More than Just ‘Friends’: Facebook Friend Requests from Judges Constitute A Request to Engage in Improper Ex Parte Communication

February 7, 2014

Under a ruling recently passed by the Florida Fifth District Court of Appeal, judges must live up to a higher standard than most in respect to their interactions.  A simple Facebook ‘friend’ request, while innocuous among members of the non-legal public, can merit a judge’s forced recusal from a case if sent from a judge to a party in a case.
In Chase v. Loisel, the court ruled to remove Judge Linda Schoonover from presiding over a divorce case during which she sent a friend request to one of the parties involved.  Judge Schoonover sent the friend request to the wife in the husband-wife divorce proceeding; the wife declined to answer the friend request.  The wife later filed a formal complaint that the judge “retaliated” against her for not accepting the request by giving her husband a “disproportionately excessive alimony award.” The court ruled that the judge must disqualify herself because the friend request was legally sufficient to create a well-founded fear that the wife would not receive a fair trial.
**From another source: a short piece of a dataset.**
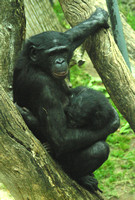 San Diego, Zoo, Chimpanzee, V030811-8001a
By sending a Facebook friend request, Schoonover was soliciting the wife to participate in improper ex parte communication.  The court ruled that the friend request would have caused the wife to have a “reasonable fear of offending” Schoonover for not accepting the request.
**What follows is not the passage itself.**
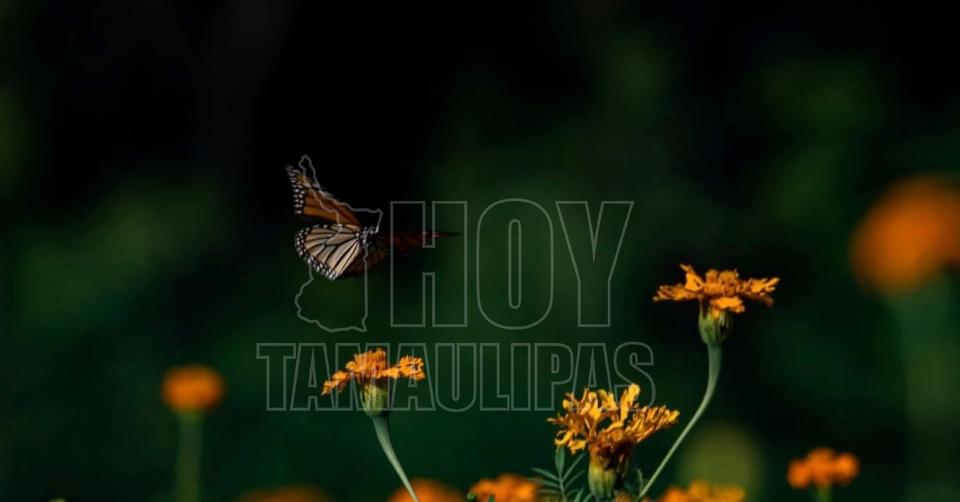 Entre alas y cempaschil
A simple Facebook ‘friend’ request, while innocuous among members of the non-legal public, can merit a judge’s forced recusal from a case if sent by the judge to a party in a case.

In the decision, the court distinguishes its reasoning from that in Domville v. State, a Florida Fourth District Court of Appeals case.  In Domville, the court ruled that it was improper for a judge to engage in a Facebook ‘friendship’ with the prosecutor in a case over which the judge presided.  The Chase court recognized that a Facebook ‘friendship’ does not correlate with close friendship in the real world, and that “requiring disqualification in such cases does not reflect the true nature of a Facebook friendship.”
The stark difference in consequences for a Facebook friend request among non-members of the legal profession versus judges is telling.  Whereas in many workplaces it is common for employees to send and accept each other’s Facebook friend requests, judges are held to higher standards.  Severe consequences exist for judges because of partiality concerns and evidentiary concerns, depending upon the intended recipient of the request.  A request from a judge to a party in the case, asking the party to be ‘friends’ with him or her, implies an invitation towards partiality which should not be present.  The Code of Judicial Conduct states that judges must be impartial.  Furthermore, the quantity of personalized content on Facebook may cause a judge to be prejudiced against one or both parties in a case, if the judge accesses the content.  In a divorce case, for example, if the judge views a picture of one of the parties on a date or acting raucously at a party outside of the evidence offered in the courtroom, this supplemental information may cause the judge to be prejudiced against a party.
Issues such as these will likely grow more prevalent as social-networking media grows in popularity.  Judges and other members of the legal community will have to place appropriate boundaries on their conduct to separate their social networking from their legal responsibilities.